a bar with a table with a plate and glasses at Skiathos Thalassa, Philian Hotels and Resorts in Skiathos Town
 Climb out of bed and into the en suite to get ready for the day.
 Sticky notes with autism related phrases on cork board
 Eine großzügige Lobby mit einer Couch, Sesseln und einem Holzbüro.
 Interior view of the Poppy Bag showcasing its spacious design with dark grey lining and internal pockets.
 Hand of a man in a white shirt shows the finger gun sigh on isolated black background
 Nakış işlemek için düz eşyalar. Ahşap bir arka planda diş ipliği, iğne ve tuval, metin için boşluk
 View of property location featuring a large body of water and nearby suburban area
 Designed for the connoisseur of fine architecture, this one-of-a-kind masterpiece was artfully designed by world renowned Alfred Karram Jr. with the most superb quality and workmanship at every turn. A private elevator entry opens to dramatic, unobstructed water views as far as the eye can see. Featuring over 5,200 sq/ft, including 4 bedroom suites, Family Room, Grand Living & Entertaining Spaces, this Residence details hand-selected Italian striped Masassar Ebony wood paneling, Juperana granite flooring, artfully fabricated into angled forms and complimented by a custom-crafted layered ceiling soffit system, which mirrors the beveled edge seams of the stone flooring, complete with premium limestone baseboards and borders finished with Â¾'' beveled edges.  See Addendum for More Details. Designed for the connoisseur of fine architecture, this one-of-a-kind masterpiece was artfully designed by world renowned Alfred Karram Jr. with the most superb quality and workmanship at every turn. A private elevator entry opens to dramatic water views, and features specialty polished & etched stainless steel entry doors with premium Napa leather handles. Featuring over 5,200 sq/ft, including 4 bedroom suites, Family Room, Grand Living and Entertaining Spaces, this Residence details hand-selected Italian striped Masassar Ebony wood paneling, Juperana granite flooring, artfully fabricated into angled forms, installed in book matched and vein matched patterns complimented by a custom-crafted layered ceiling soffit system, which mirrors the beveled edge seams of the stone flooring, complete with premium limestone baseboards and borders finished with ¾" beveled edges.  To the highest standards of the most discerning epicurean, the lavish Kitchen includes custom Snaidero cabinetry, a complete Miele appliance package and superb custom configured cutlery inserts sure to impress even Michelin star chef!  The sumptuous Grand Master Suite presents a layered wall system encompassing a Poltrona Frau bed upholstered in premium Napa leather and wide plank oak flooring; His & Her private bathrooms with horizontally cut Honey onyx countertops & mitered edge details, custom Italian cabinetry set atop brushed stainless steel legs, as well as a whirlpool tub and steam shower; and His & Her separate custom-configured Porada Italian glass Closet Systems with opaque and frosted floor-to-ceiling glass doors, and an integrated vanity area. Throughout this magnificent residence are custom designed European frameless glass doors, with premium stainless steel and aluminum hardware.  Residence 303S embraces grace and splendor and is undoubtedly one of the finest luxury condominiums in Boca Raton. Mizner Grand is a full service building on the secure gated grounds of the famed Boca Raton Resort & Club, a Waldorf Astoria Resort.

AIM OF THE TASK:
With no line omitted, copy all the data exactly.

SOLVED EXERCISE:
a bar with a table with a plate and glasses at Skiathos Thalassa, Philian Hotels and Resorts in Skiathos Town
 Climb out of bed and into the en suite to get ready for the day.
 Sticky notes with autism related phrases on cork board
 Eine großzügige Lobby mit einer Couch, Sesseln und einem Holzbüro.
 Interior view of the Poppy Bag showcasing its spacious design with dark grey lining and internal pockets.
 Hand of a man in a white shirt shows the finger gun sigh on isolated black background
 Nakış işlemek için düz eşyalar. Ahşap bir arka planda diş ipliği, iğne ve tuval, metin için boşluk
 View of property location featuring a large body of water and nearby suburban area
 Designed for the connoisseur of fine architecture, this one-of-a-kind masterpiece was artfully designed by world renowned Alfred Karram Jr. with the most superb quality and workmanship at every turn. A private elevator entry opens to dramatic, unobstructed water views as far as the eye can see. Featuring over 5,200 sq/ft, including 4 bedroom suites, Family Room, Grand Living & Entertaining Spaces, this Residence details hand-selected Italian striped Masassar Ebony wood paneling, Juperana granite flooring, artfully fabricated into angled forms and complimented by a custom-crafted layered ceiling soffit system, which mirrors the beveled edge seams of the stone flooring, complete with premium limestone baseboards and borders finished with Â¾'' beveled edges.  See Addendum for More Details. Designed for the connoisseur of fine architecture, this one-of-a-kind masterpiece was artfully designed by world renowned Alfred Karram Jr. with the most superb quality and workmanship at every turn. A private elevator entry opens to dramatic water views, and features specialty polished & etched stainless steel entry doors with premium Napa leather handles. Featuring over 5,200 sq/ft, including 4 bedroom suites, Family Room, Grand Living and Entertaining Spaces, this Residence details hand-selected Italian striped Masassar Ebony wood paneling, Juperana granite flooring, artfully fabricated into angled forms, installed in book matched and vein matched patterns complimented by a custom-crafted layered ceiling soffit system, which mirrors the beveled edge seams of the stone flooring, complete with premium limestone baseboards and borders finished with ¾" beveled edges.  To the highest standards of the most discerning epicurean, the lavish Kitchen includes custom Snaidero cabinetry, a complete Miele appliance package and superb custom configured cutlery inserts sure to impress even Michelin star chef!  The sumptuous Grand Master Suite presents a layered wall system encompassing a Poltrona Frau bed upholstered in premium Napa leather and wide plank oak flooring; His & Her private bathrooms with horizontally cut Honey onyx countertops & mitered edge details, custom Italian cabinetry set atop brushed stainless steel legs, as well as a whirlpool tub and steam shower; and His & Her separate custom-configured Porada Italian glass Closet Systems with opaque and frosted floor-to-ceiling glass doors, and an integrated vanity area. Throughout this magnificent residence are custom designed European frameless glass doors, with premium stainless steel and aluminum hardware.  Residence 303S embraces grace and splendor and is undoubtedly one of the finest luxury condominiums in Boca Raton. Mizner Grand is a full service building on the secure gated grounds of the famed Boca Raton Resort & Club, a Waldorf Astoria Resort.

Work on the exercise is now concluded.